TOKYO — Nissan Motor has decided against manufacturing its newest electric vehicle in the U.K. for sale in the European Union, Nikkei has learned, over concerns that the automobile will face higher tariffs in the absence of a post-Brexit trade deal.
Instead, Nissan will ship the Ariya from Japan when the vehicle goes on sale in the EU next year.
Nissan initially considered making the Ariya at its Sunderland assembly plant in Britain. But London and Brussels have yet to sign a free trade agreement, even with the British exit from the EU set to be finalized at the end of the month.
Under a no-deal Brexit, British auto exports to the EU face a 10% tariff.

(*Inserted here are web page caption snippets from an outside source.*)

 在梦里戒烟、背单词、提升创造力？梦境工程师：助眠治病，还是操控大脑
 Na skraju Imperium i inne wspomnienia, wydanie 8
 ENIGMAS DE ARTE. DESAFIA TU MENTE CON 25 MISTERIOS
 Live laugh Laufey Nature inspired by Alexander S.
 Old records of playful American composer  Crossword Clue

Japanese-made autos face only a 7.5% import tariff under the economic partnership agreement Tokyo signed with the EU, and the trade deal will abolish that duty in 2026.
Japan’s EPA with Britain takes effect next month. It will abolish the auto tariff in a similar manner as the Japan-EU trade deal.

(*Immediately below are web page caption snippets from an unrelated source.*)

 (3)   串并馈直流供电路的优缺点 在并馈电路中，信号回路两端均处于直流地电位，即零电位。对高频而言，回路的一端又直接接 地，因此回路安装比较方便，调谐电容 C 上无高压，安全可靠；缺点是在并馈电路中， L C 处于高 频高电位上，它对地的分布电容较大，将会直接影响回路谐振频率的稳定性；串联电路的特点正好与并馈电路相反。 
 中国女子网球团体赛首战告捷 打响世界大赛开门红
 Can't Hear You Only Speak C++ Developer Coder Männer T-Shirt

These circumstances led Nissan to decide in favor of exporting the Ariya from Japan for the time being.
The Ariya is the first new global EV from the Japanese automaker since the Leaf debuted a decade ago. The model will be sold in phases next year in Japan, Western markets and in China.
Ariyas bound for Europe and the U.S. will be made at Nissan’s assembly plant in Japan’s Tochigi Prefecture, north of Tokyo. Those sold in China will be manufactured locally.

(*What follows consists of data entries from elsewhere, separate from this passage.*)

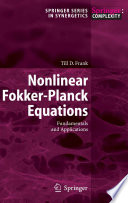 Nonlinear Fokker-Planck equations : fundamentals and applications / Till Daniel Frank.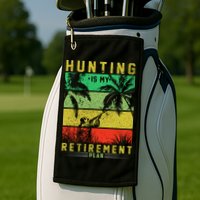 Hunting Is My Retirement Plan Golf Towel
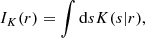 $$ \begin{aligned}&I_K (r) = \int \mathrm{d} s K(s|r) , \end{aligned} $$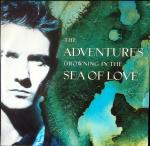 The Adventures - Drowning In The Sea Of Love - Elektra - Synth Pop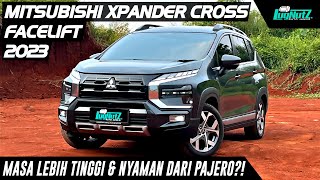 Bener LEBIH TINGGI amp NYAMAN Dari PAJERO Mitsubishi Xpander Cross Facelift 2023 Tetap LSUV TERBAIK [upl. by Stevie]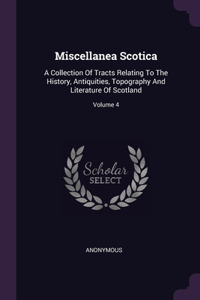 Miscellanea Scotica: A Collection Of Tracts Relating To The History, Antiquities, Topography And Literature Of Scotland; Volume 4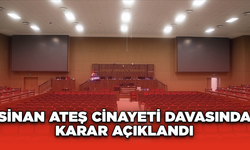 Sinan Ateş cinayeti davasında karar açıklandı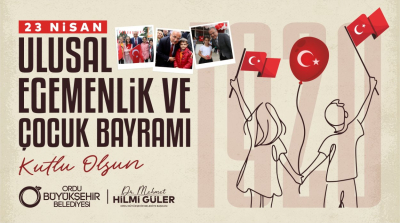 BAŞKAN GÜLER’DEN 23 NİSAN MESAJI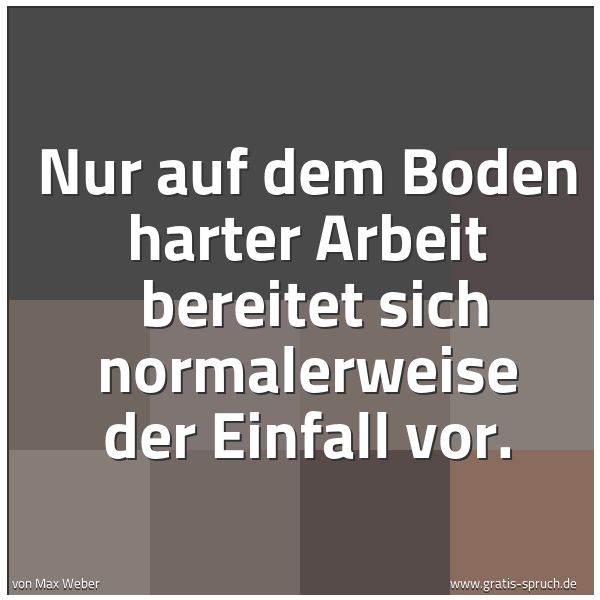 Spruchbild mit dem Text 'Nur auf dem Boden harter Arbeit 
bereitet sich normalerweise der Einfall vor.
'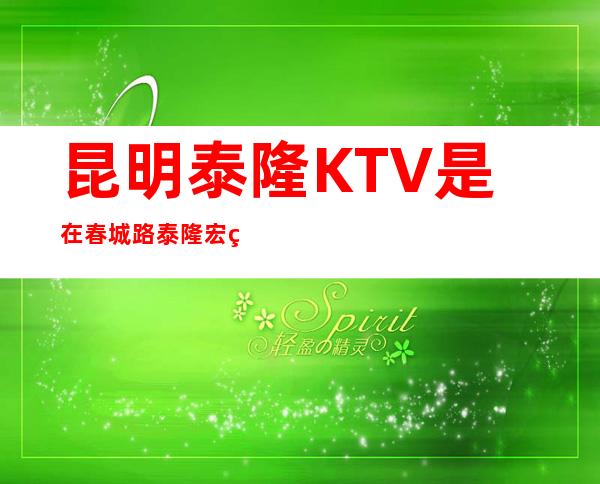 昆明泰隆KTV是在春城路泰隆宏瑞饭店三楼的KTV吗？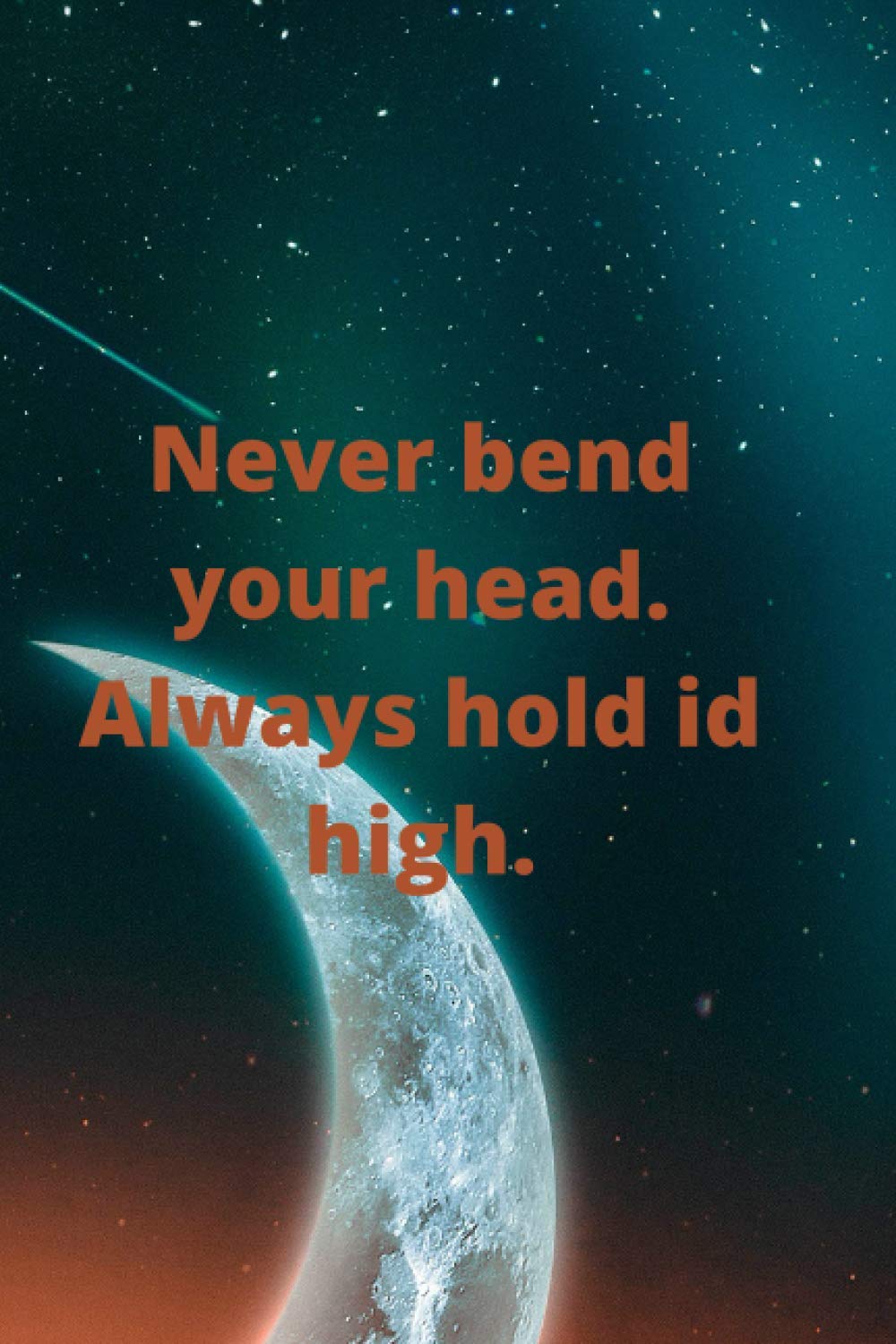 Never bend your head. Always hold id high.: Lined Notebook/Journal; Inspirational Gifts, Quote Dot Grid, Design Book, Work Book with 6x9 inches and 120 pages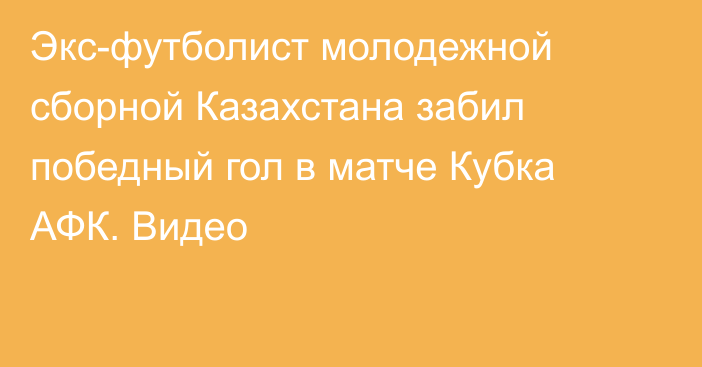 Экс-футболист молодежной сборной Казахстана забил победный гол в матче Кубка АФК. Видео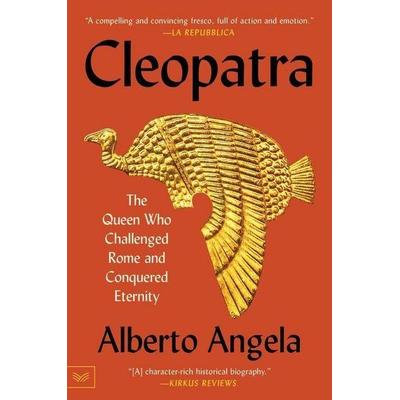 Cleopatra, Taschenbuch von Alberto Angela, Harper Collins (US), 978-0-06-298422-7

Japanese companies in the U.K. are contending with Brexit-related risks ahead of the Dec. 31 end of the transition period. Honda Motor suspended operations at its Swindon plant for three days through Friday last week because of delays in parts delivery via containership.
Europe is shifting toward electrified vehicles. The U.K. will ban new sales of gasoline-powered autos in 2030, while France will do the same in 2040. The EU has set a goal of having at least 30 million zero-emissions vehicles by 2030.
Nissan will direct that demand for EVs to Japanese production and develop the local supply chain for electrics.